§ **What the exercise asks**
Copy out the listing in full, exactly as written, but not its pictures.

------------------------

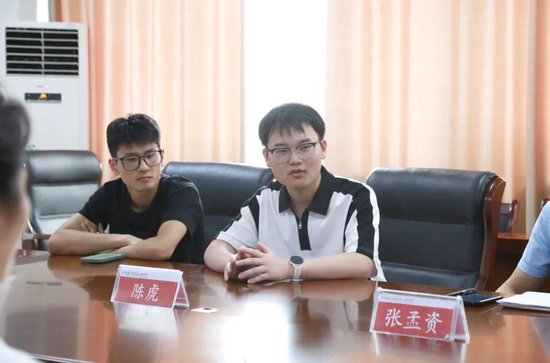 陈虎、朱叶鑫同学讲述救援过程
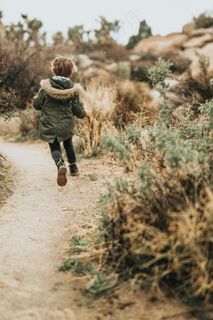 男孩奔跑背影图片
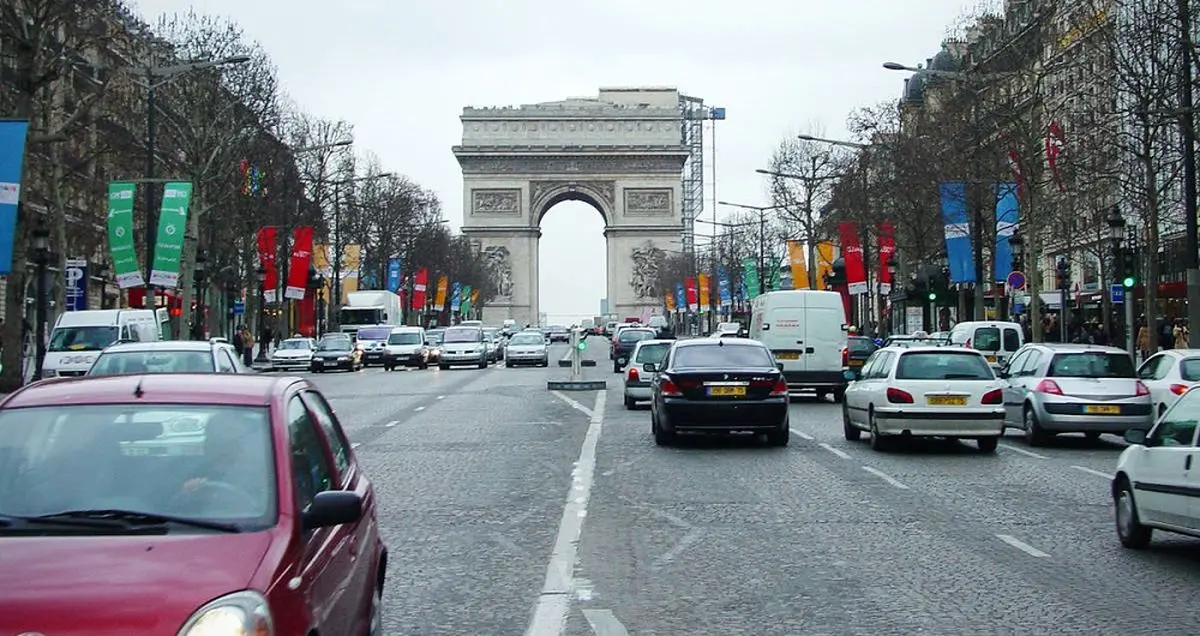 پاریس تا سال ۲۰۳۰ همه خودروهای بنزینی خود را از رده خارج می‌کند!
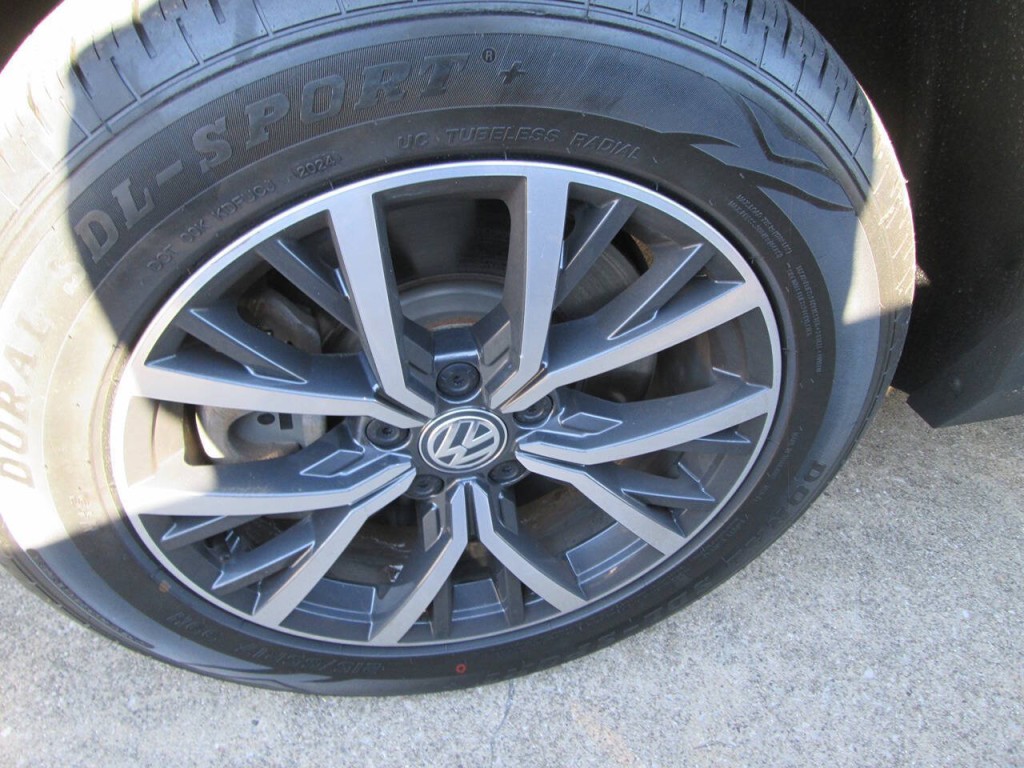 2020 Volkswagen Tiguan Image 24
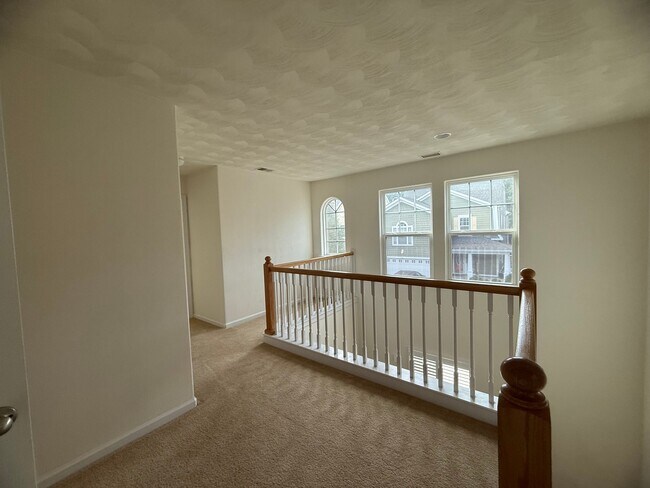 Building Photo - 108 Tucker Dr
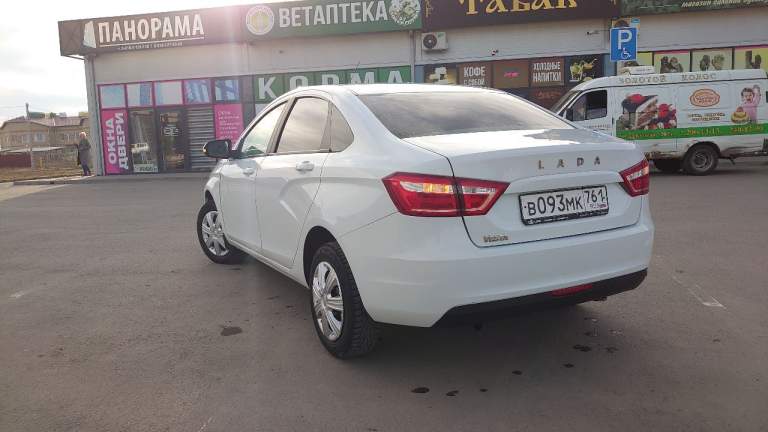 Продам lada vesta 2019 год комплектация comfort в хорошем состоянии. Кондиционер. Мультируль. Мультимедия. Подогрев сидений, стёкол. По документам полный порядок продажа от собственника. Номер для связи 8 961-830-10-43.. .
Цена : 850.000₽ торг уместен реальному покупателю. ..
Осмотр город зерноград ростовская область. Все вопросы по телефону. - фотография - 3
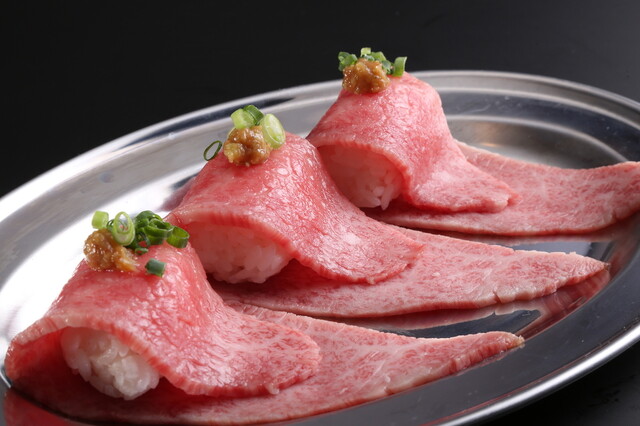 和牛肉寿司（1貫）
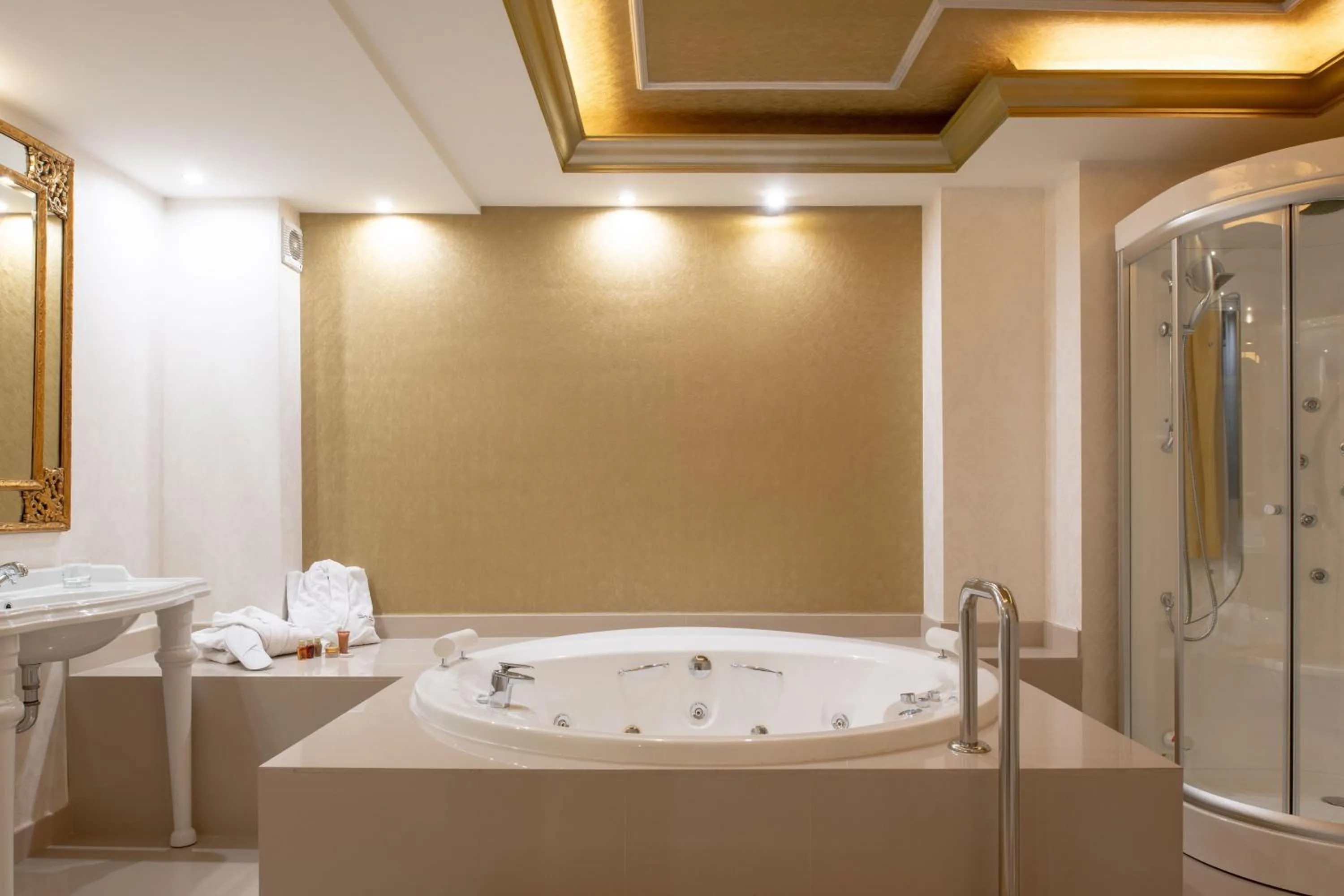 Hot Tub in Hotel Infanta Leonor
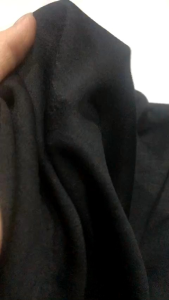 vải lụa tằm ướt màu đen hàng loại 1 _( khổ 1m5) dày mềm rũ co dãn may đầm váy áo quần vv
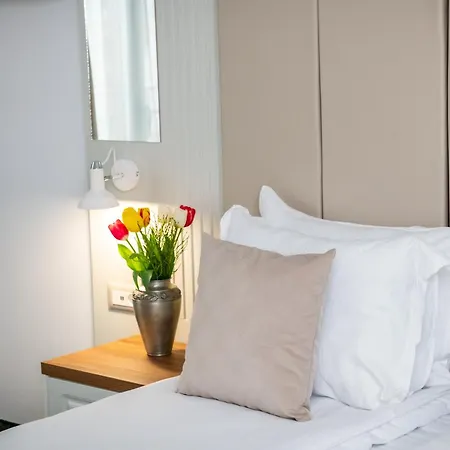 Hotel Agora Boutique 3*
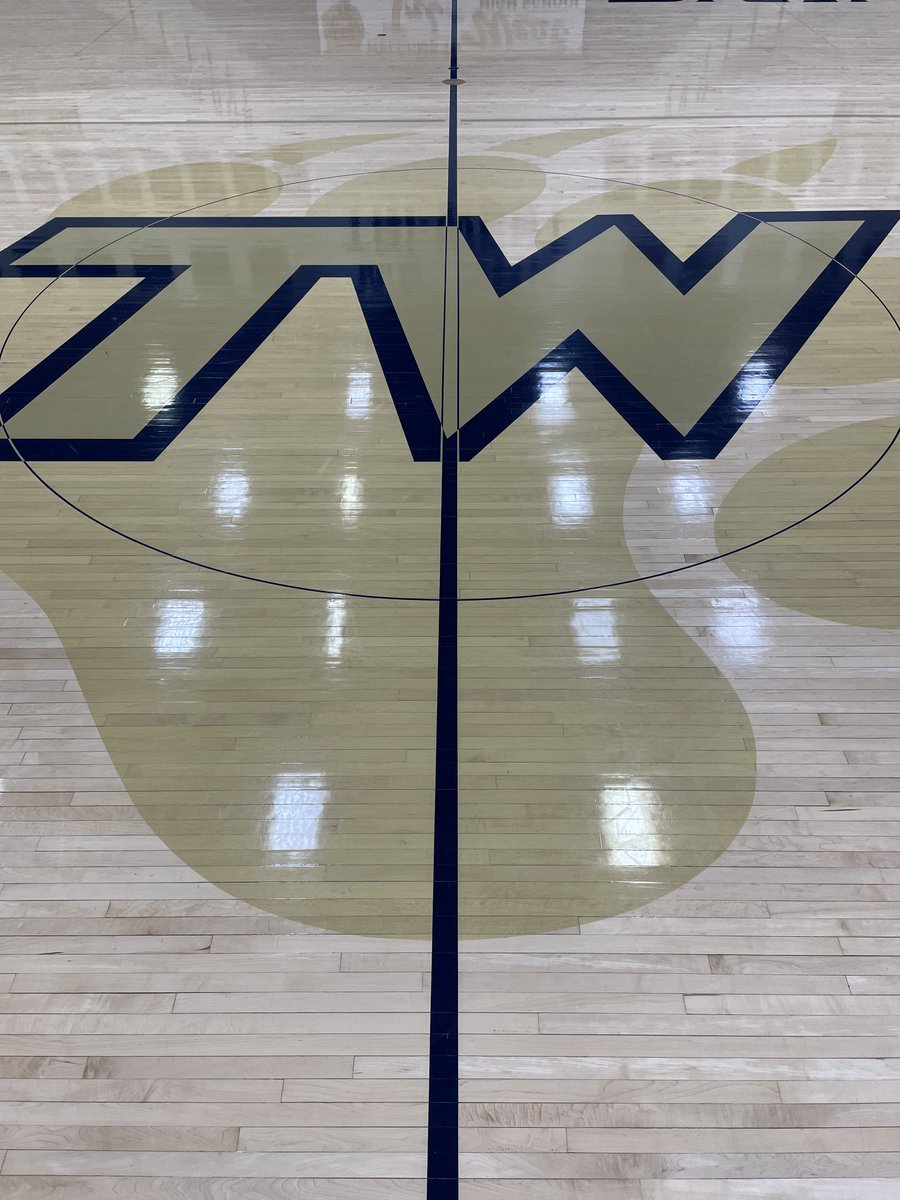 Hope to see a wave of 🔵🟡 at Frankfort's Case Arena tonight.  Your Bruins tip-off at 6PM vs. Danville in the first game of the Semi-Finals. It should be a great night of Indiana High School Basketball!

Ticket Link:  public.eventlink.com/tickets?t=1155… 

GO BRUINS!⛓️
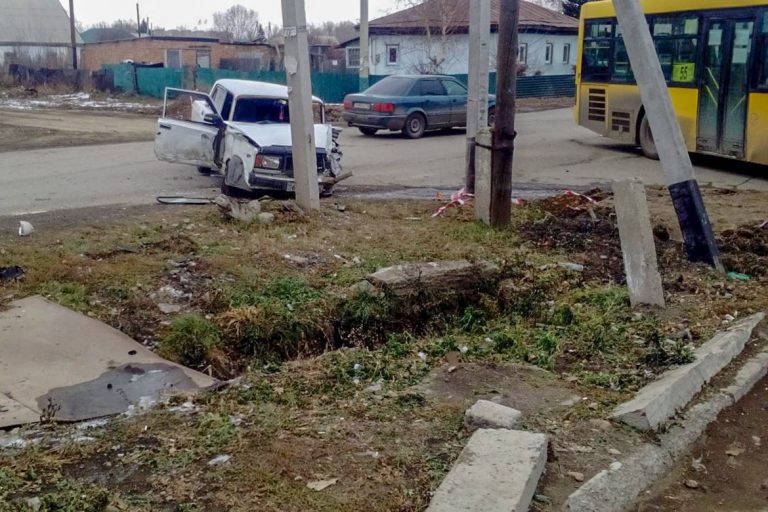 Водитель автобуса в Усть-Каменогорске врезался в легковушку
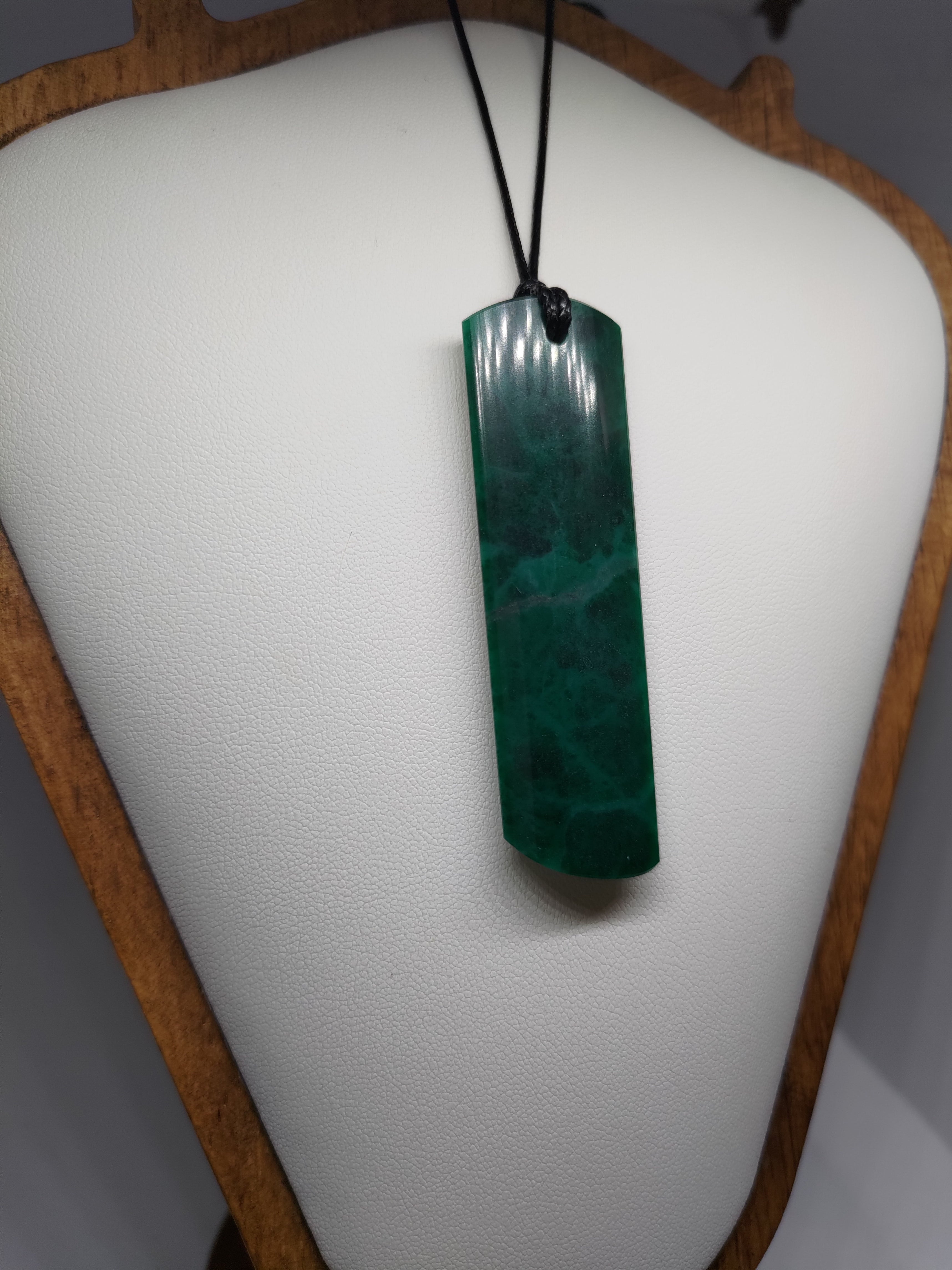 Goodletite – New Zealand Ruby Rock Hand Carved Pendant 0051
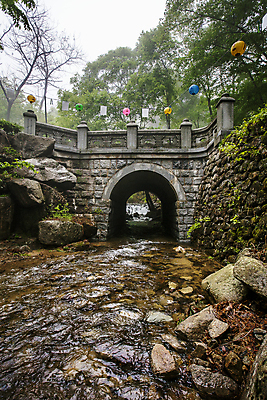 포토 JPG 주간 풍경 사람없음 야외 계곡 돌_바위 사찰 연등 돌다리 동화사 대구시 국내포토 자연요소 종교건축 한국 등불 다리_건축물 불교용품 파일형식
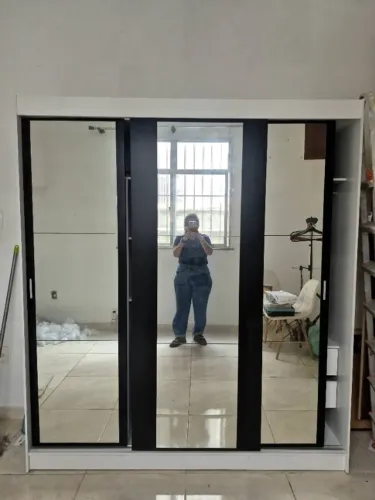 Guarda-roupa com espelho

------------------------

§ **Your response**
 陈虎、朱叶鑫同学讲述救援过程
 男孩奔跑背影图片
 پاریس تا سال ۲۰۳۰ همه خودروهای بنزینی خود را از رده خارج می‌کند!
 2020 Volkswagen Tiguan Image 24
 Building Photo - 108 Tucker Dr
 Продам lada vesta 2019 год комплектация comfort в хорошем состоянии. Кондиционер. Мультируль. Мультимедия. Подогрев сидений, стёкол. По документам полный порядок продажа от собственника. Номер для связи 8 961-830-10-43.. .
Цена : 850.000₽ торг уместен реальному покупателю. ..
Осмотр город зерноград ростовская область. Все вопросы по телефону. - фотография - 3
 和牛肉寿司（1貫）
 Hot Tub in Hotel Infanta Leonor
 vải lụa tằm ướt màu đen hàng loại 1 _( khổ 1m5) dày mềm rũ co dãn may đầm váy áo quần vv
 Hotel Agora Boutique 3*
 Hope to see a wave of 🔵🟡 at Frankfort's Case Arena tonight.  Your Bruins tip-off at 6PM vs. Danville in the first game of the Semi-Finals. It should be a great night of Indiana High School Basketball!

Ticket Link:  public.eventlink.com/tickets?t=1155… 

GO BRUINS!⛓️
 Водитель автобуса в Усть-Каменогорске врезался в легковушку
 Goodletite – New Zealand Ruby Rock Hand Carved Pendant 0051
 포토 JPG 주간 풍경 사람없음 야외 계곡 돌_바위 사찰 연등 돌다리 동화사 대구시 국내포토 자연요소 종교건축 한국 등불 다리_건축물 불교용품 파일형식
 Guarda-roupa com espelho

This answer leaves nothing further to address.